Every man got the same share except the captain (2x) and quartermaster (1.5x) and the doctor (1.5x) any of that position can be replaced anytime by a vote
The socialist democratically owned company would still elect a CEO or something like it to make those kinds of decisions, and if they don't make good decisions they can be recalled by the employees to be replaced with someone else. The way I look at it it would be like how companies are currently but with all employees owning shares of the company rather then outside investors or the owner of the company. Atleast that's how I interpret it but there's probably a million different ways you could set it up while still having it be much more democratic then the modern structure.
Socialism is an economic system in which major industries are owned by workers rather than by private businesses. It is different from capitalism, where private actors, like business owners and shareholders, can own the means of production.
I think that in order to have a socialist nation you first need a nation.
And you're not going to get that without being a power hungry lunatic.
We're still a serfdom ruled by kings, and no amount of window dressing has changed that. At best we decide what colour hat the king will wear every four years.

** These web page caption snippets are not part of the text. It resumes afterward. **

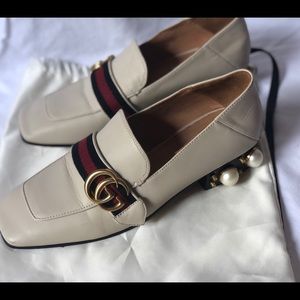 Gucci Peyton Pearl Loafers Cream Off White sz 37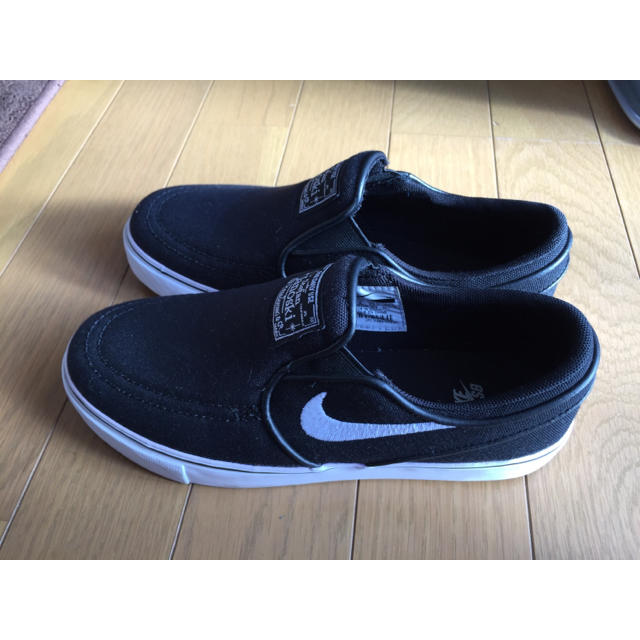 NIKE(ナイキ)のお値下げ！NIKE SB 早い者勝ち！ステファンジャノスキー スリッポン22.5 レディースの靴/シューズ(スリッポン/モカシン)の商品写真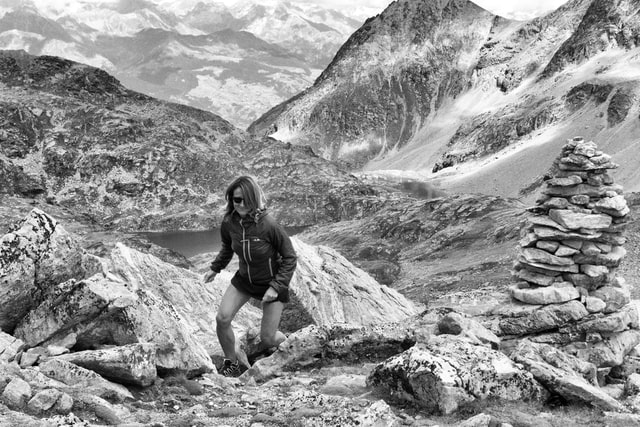 femme courant en montant dans une montagne - Photo by mauro paillex on Unsplash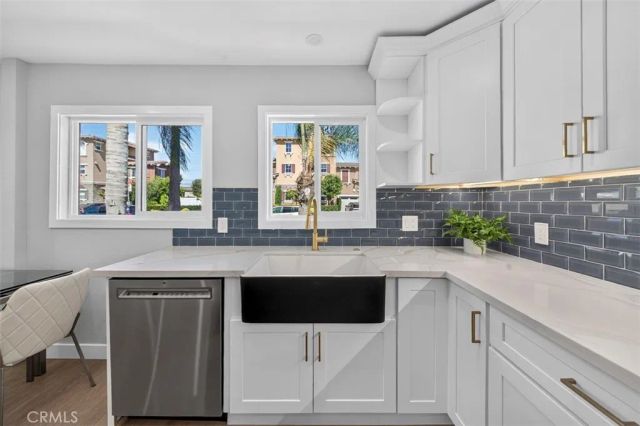 21117 Normandie, Los Angeles, CA 90501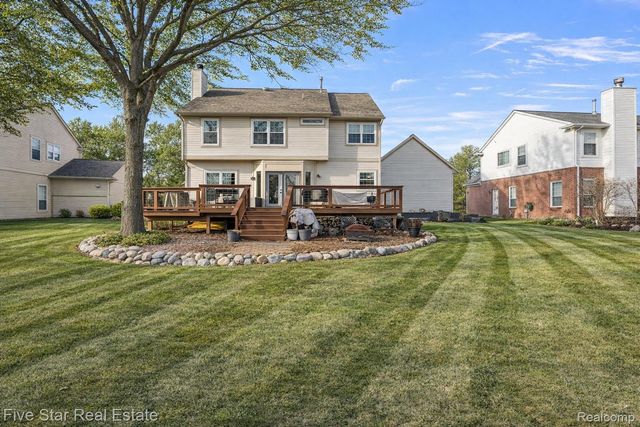 1047 Saddle Drive, South Lyon, MI 48178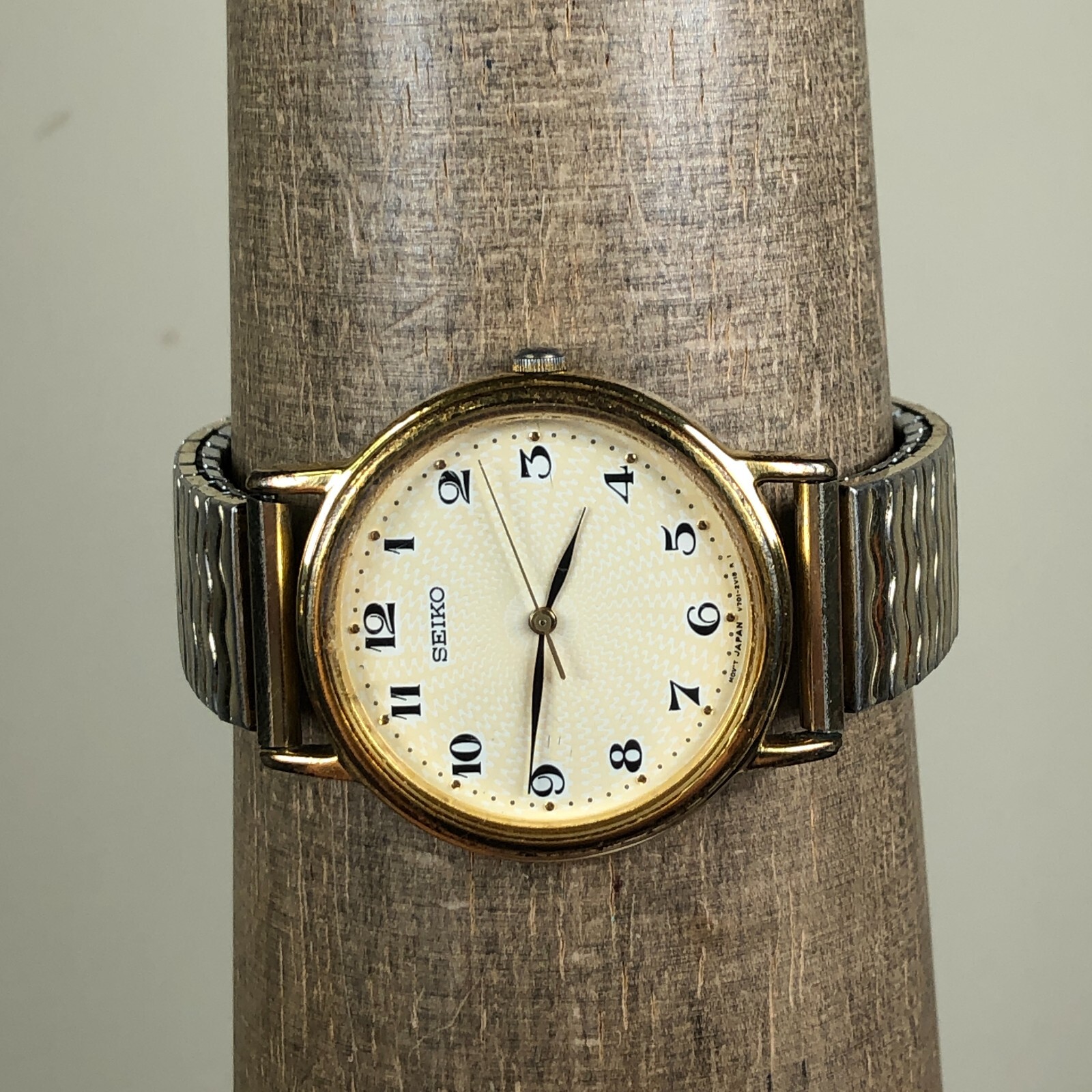 Vintage Seiko Mens V701-2A49 Gold Tone Dial Expansion 32mm 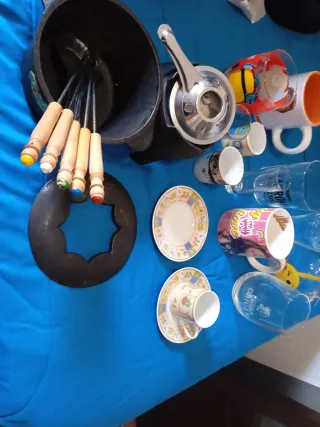 Set de tazas, vasos y fondue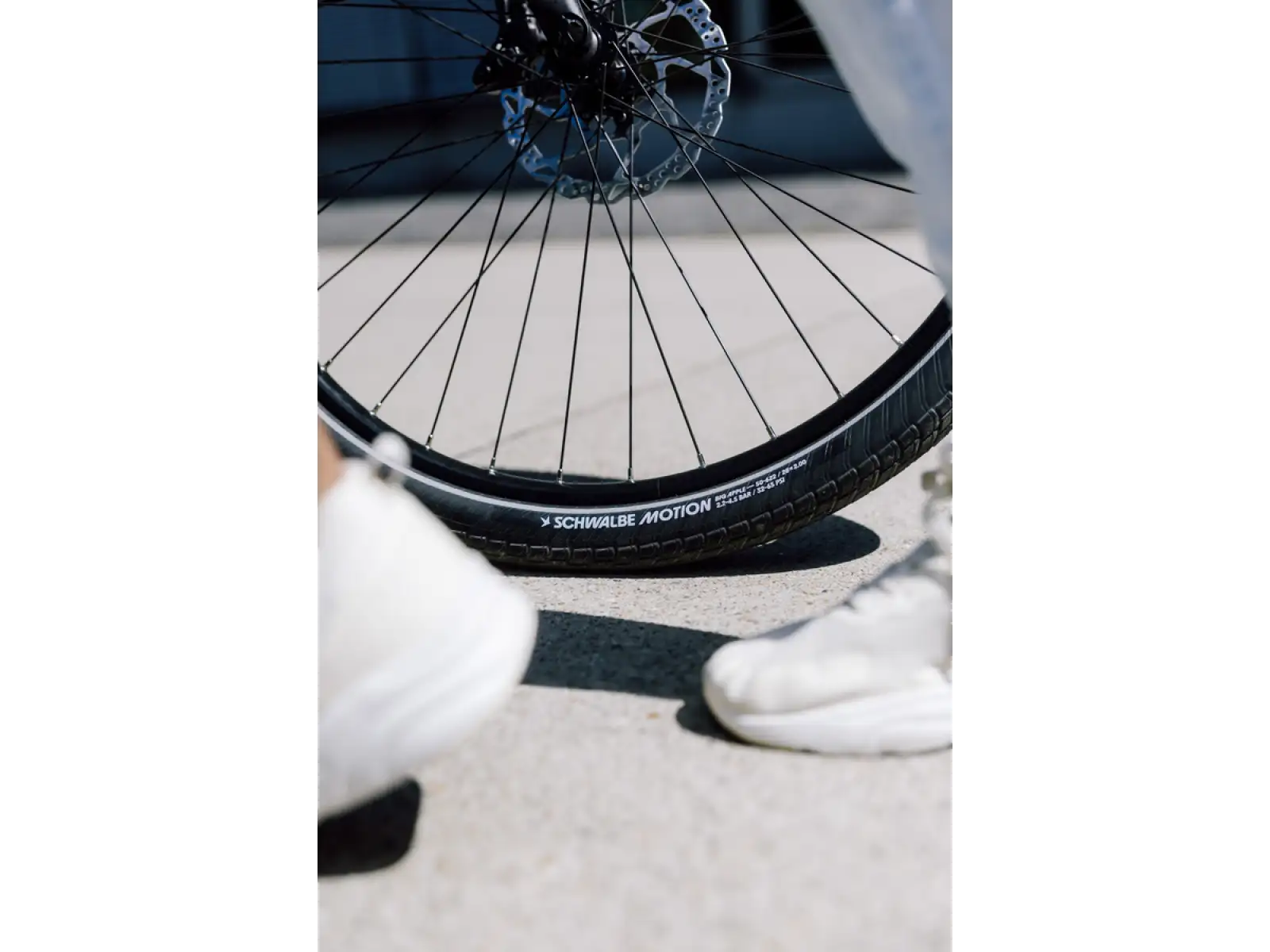 Schwalbe Motion Big Apple E-25 28 cali opona trekkingowa drutowa Black Reflex
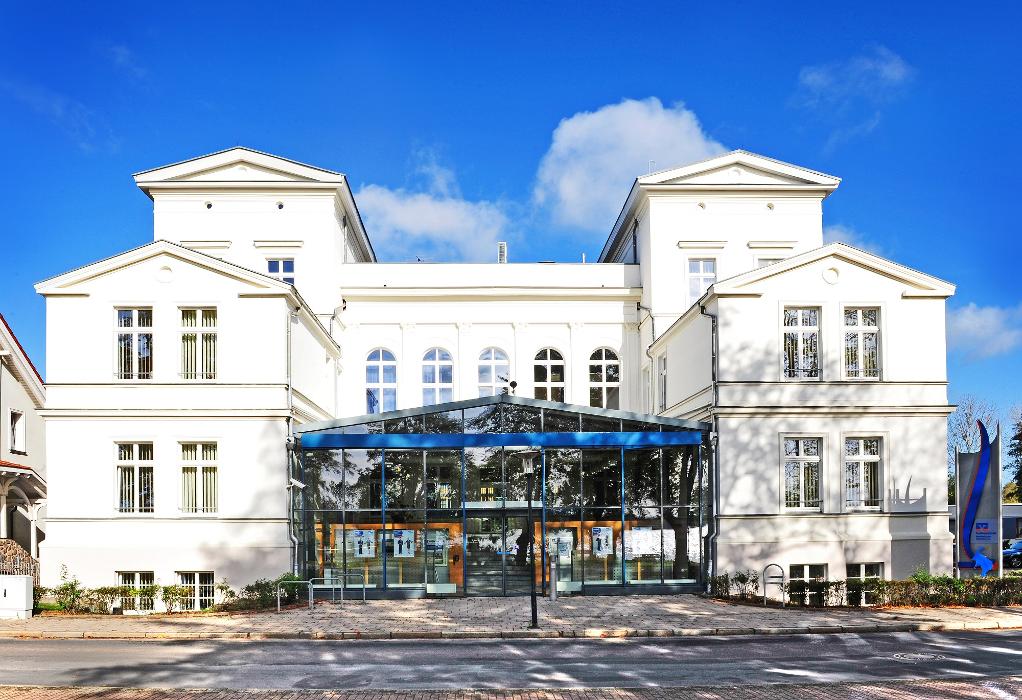 Raiffeisenbank Mecklenburger Seenplatte eG, Hauptfiliale Waren (Müritz), Kietzstraße in Waren (Müritz)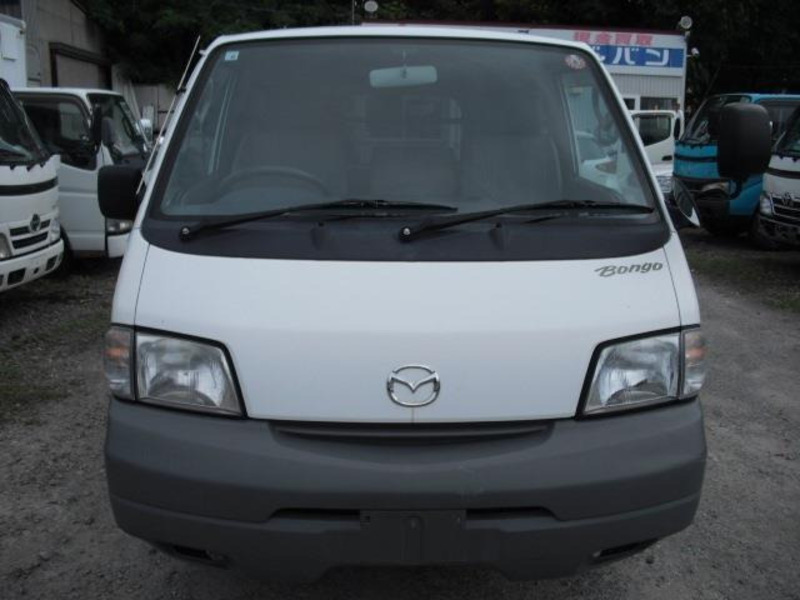 BONGO VAN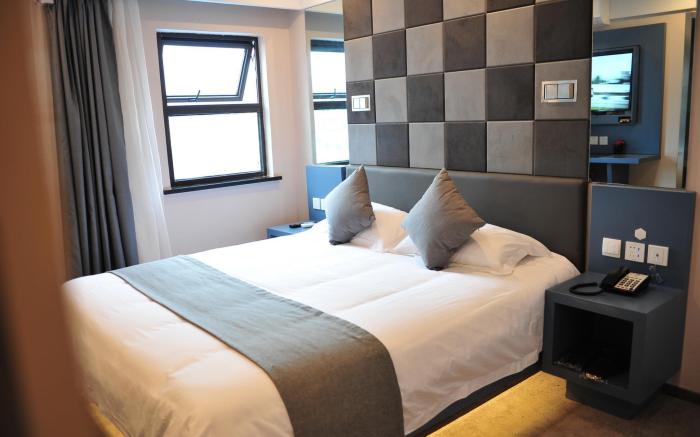 Zhotels Shanghai East China Normal University Caoyang Road Metro Station Branch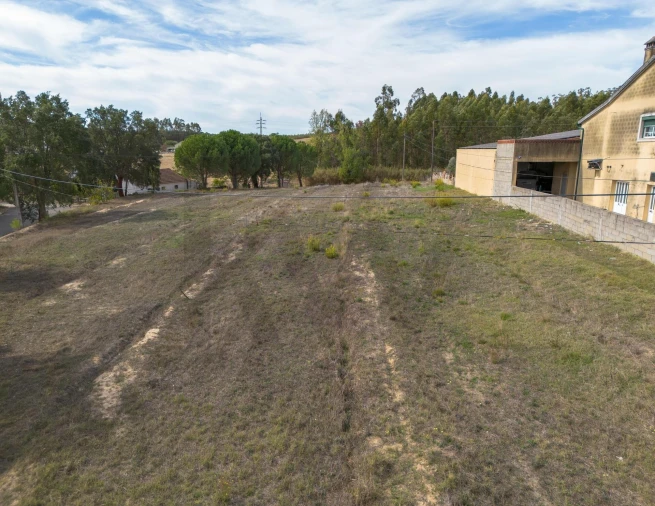 Terreno para Venda em Azoia de Cima e Tremês Foto 6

Lenin's 'war communism' was little more than state-sponsored looting (which, to be fair, is far from unusual in times of crisis; it is not, however, much of an innovation or a path to socialism); while the NEP was the exact social democratic reformism that the Bolsheviks were supposedly against, only without the pesky 'democracy' bit the SRs liked.
The owner gets to make decisions about the thing being owned.
The fruits of the thing are directed to the benefit of the owner.
(I'm intentionally omitting the third implication of getting a share when the thing is being sold, because that requires the concept of selling a means of production which brings us deep into the realms of capitalism)
These things are pretty much clear-cut when it comes to individual ownership, but what do they mean in the context of collective ownership?
Decision Making
Does every decision have to unanimously supported by all the workers?
Or is it enough for all the workers to get a vote in every single decision regarding the thing? Note that in this case there has to be a process where decisions are brought to vote, and whoever controls that process has the real power, but let's not get into that.
Or is it enough for all the workers to elect someone to make these decisions every X years?
Or maybe it is enough for that someone makes all the decisions as long as they insist really hard that they are representing the workers?
Fruit Enjoyment
Does the product of said means of production have to be distributed directly among all the workers who own it?
Or is it enough to sell the product (a process which require some concepts from capitalism, but let's not go there) for some commodity and split that commodity among all the workers?
Or maybe it's enough for the product can be put toward projects that are supposed to benefit all the workers?
Braindead take in all of these countries you do have the right to run a business collectively owned by the workers. Countries economics are not black or white its never 100% socialism or capitalism
Some aspect of US economics are socialized, in every country army is socialized as it would be dumb as hell to delegate your army to private companies.